DNA sequencing of a cytogenetically normal acute myeloid leukaemia genome.
Ley T.J., Mardis E.R., Ding L., Fulton B., McLellan M.D., Chen K., Dooling D., Dunford-Shore B.H., McGrath S., Hickenbotham M., Cook L., Abbott R., Larson D.E., Koboldt D.C., Pohl C., Smith S., Hawkins A., Abbott S., Locke D., Hillier L.W., Miner T., Fulton L., Magrini V., Wylie T., Glasscock J., Conyers J., Sander N., Shi X., Osborne J.R., Minx P., Gordon D., Chinwalla A., Zhao Y., Ries R.E., Payton J.E., Westervelt P., Tomasson M.H., Watson M., Baty J., Ivanovich J., Heath S., Shannon W.D., Nagarajan R., Walter M.J., Link D.C., Graubert T.A., DiPersio J.F., Wilson R.K.

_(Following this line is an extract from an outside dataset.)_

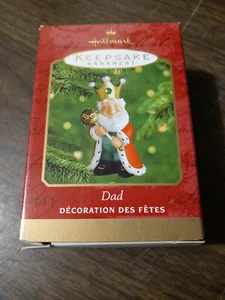 King Dad - Andenken Ornament - Hallmark 2000 - Neu Open Box - Bild 1 von 3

Acute myeloid leukaemia is a highly malignant haematopoietic tumour that affects about 13,000 adults in the United States each year. The treatment of this disease has changed little in the past two decades, because most of the genetic events that initiate the disease remain undiscovered. Whole-genome sequencing is now possible at a reasonable cost and timeframe to use this approach for the unbiased discovery of tumour-specific somatic mutations that alter the protein-coding genes. Here we present the results obtained from sequencing a typical acute myeloid leukaemia genome, and its matched normal counterpart obtained from the same patient's skin. We discovered ten genes with acquired mutations; two were previously described mutations that are thought to contribute to tumour progression, and eight were new mutations present in virtually all tumour cells at presentation and relapse, the function of which is not yet known. Our study establishes whole-genome sequencing as an unbiased method for discovering cancer-initiating mutations in previously unidentified genes that may respond to targeted therapies.